South Laguna Civic Assn. won't get seed money from the city to buy community garden plots.
The City Council voted 3-2 on Tuesday to deny the request by the association for $251,000 to jump-start the drive to raise almost $1 million to purchase the land that local gardeners have been tilling for the past three years. Financial uncertainty and competing requests were cited as the reasons.
Councilman Kelly Boyd feared the city would dig itself into a hole if the request was approved.
"My concern is that if $250,000 is given to South Laguna for their garden, Top of the World will wonder where theirs is and North Laguna will want one," Boyd said. "I can't support putting up $250,000 with no guarantees that you [the association] can raise $750,000."
Boyd joined with Councilwoman Elizabeth Pearson and retiring Mayor Jane Egly to deny the association request.

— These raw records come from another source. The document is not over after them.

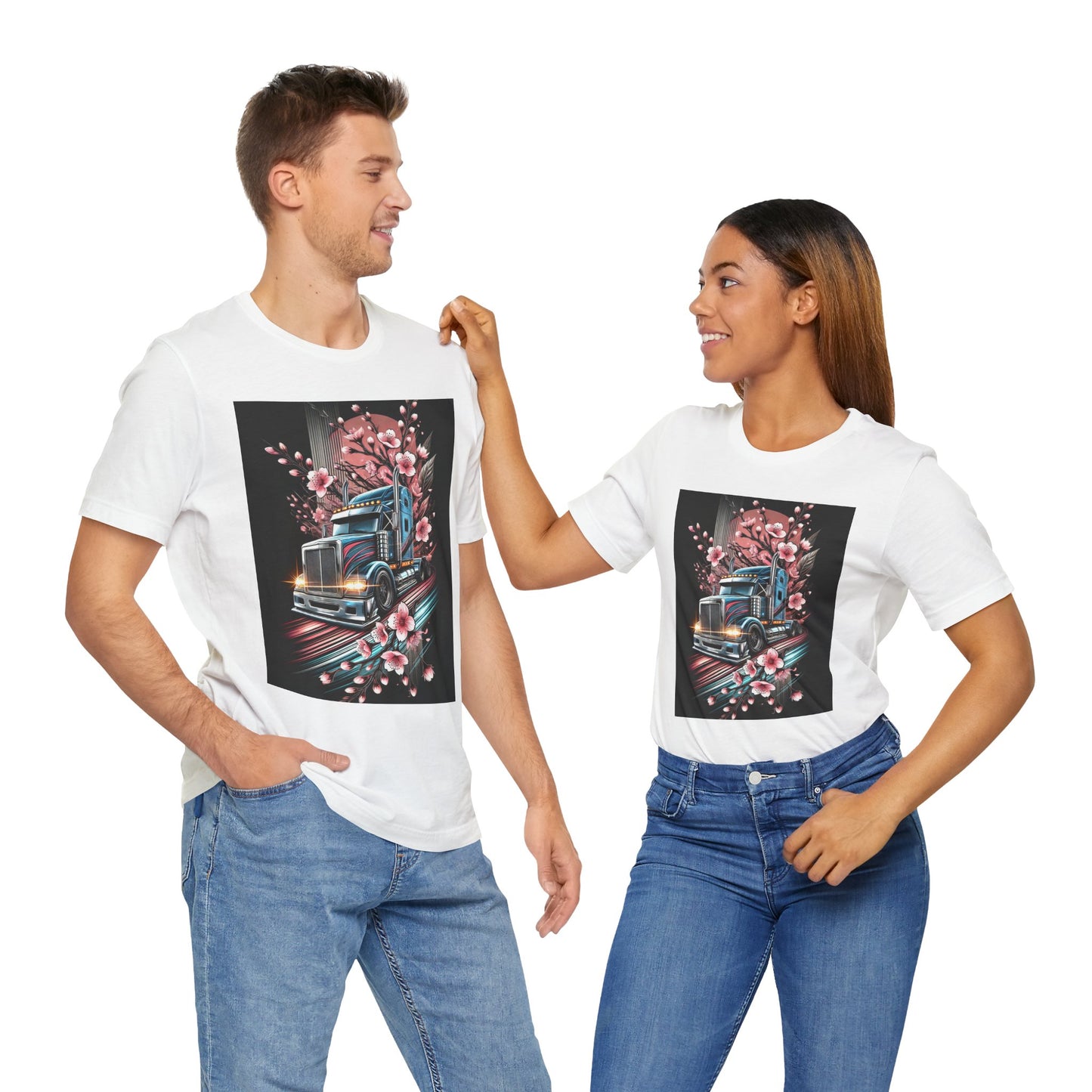 Cherry Blossom Convoy T-Shirt | Japanese Sakura x Modern Truck Art | Unique Graphic Tee for Drivers & Streetwear Lovers No.006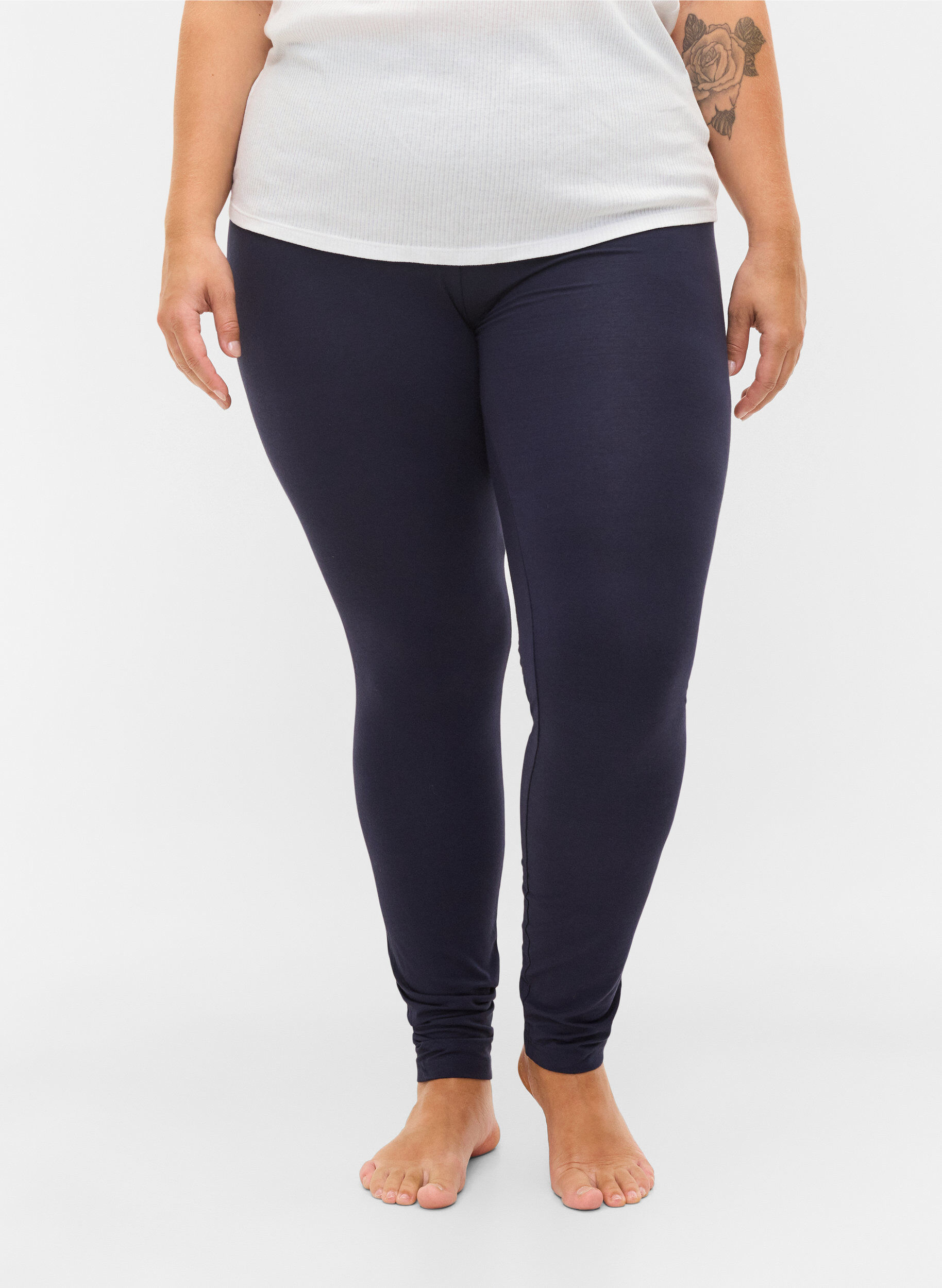 Zizzi Basic legging in viscose, Blauw, Model image number 3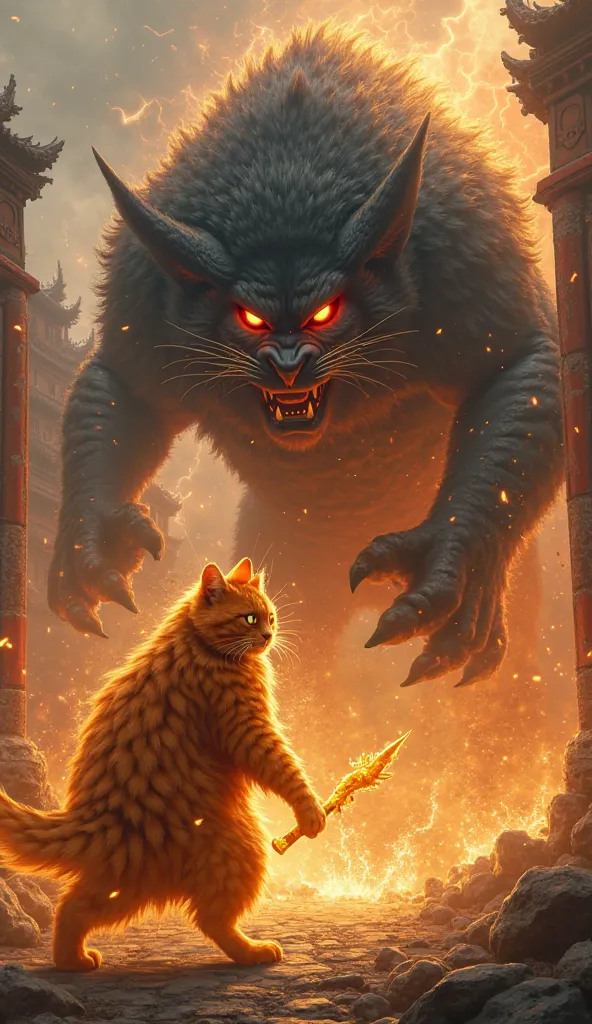 (Ultra realistic), "A fat orange warrior cat, now glowing with golden energy, faces off against a massive dark-furred demon cat with fiery red eyes. Wu-Mao holds his golden staff, surrounded by flames, while the demon cat towers over him. The battlefield i...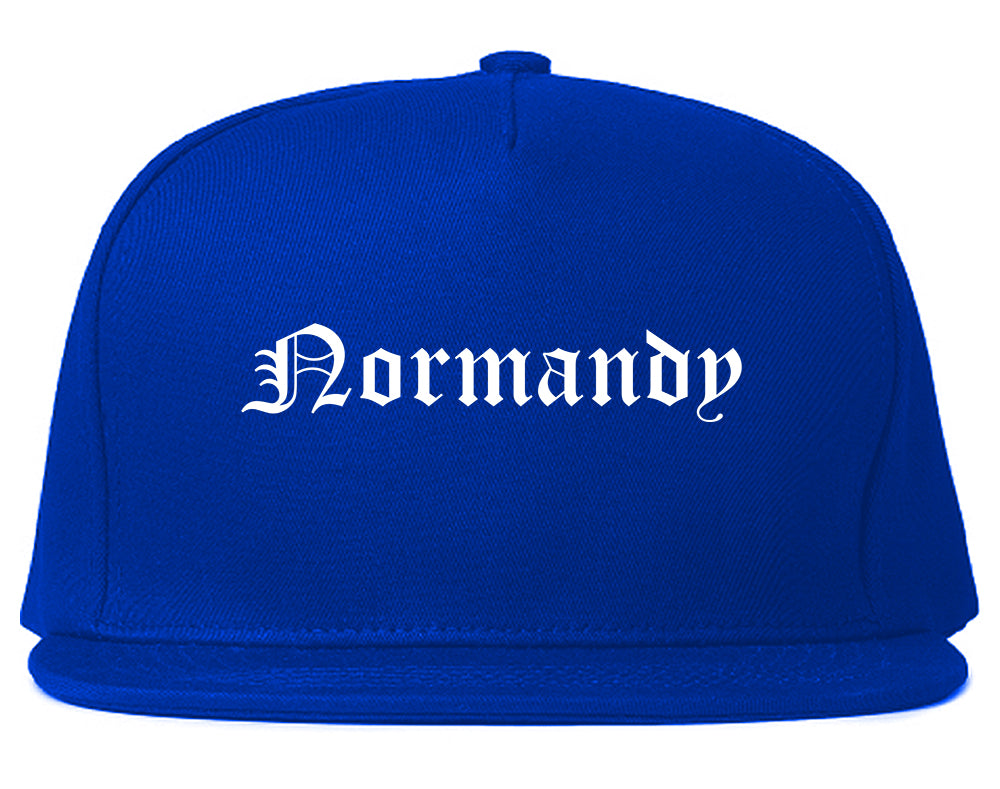 Normandy Missouri MO Old English Mens Snapback Hat Royal Blue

Pearson said the allocation of $250,000 for the garden would not be fiscally prudent when the city may still be liable for damages from the 2010 flood.
Councilwomen Toni Iseman and retiring Mayor Pro Tem Verna Rollinger voted in favor of city participation.
"We may bring this back after the new council is seated," said Bill Rihn, president of the association. "The garden was one of the questions we asked the candidates when the association interviewed them, but I can't remember their positions."
Robert Whalen and Steven Dicterow will be installed on the council Dec. 4.
Besides the $250,000, association members and gardeners want the city to give them two years to raise the necessary funds and if successful would then turn the garden property over to city ownership.
"This would create a legacy for this particular council," Barbara Miller Picheny said.
The association claims it is entitled to the city money because it came from the sale of property in South Laguna that was identified on a 1927 tract map as park land, while under county jurisdiction. Never used as a park, the property was inventoried as surplus county land and acquired by the city this year by a quit-claim deed.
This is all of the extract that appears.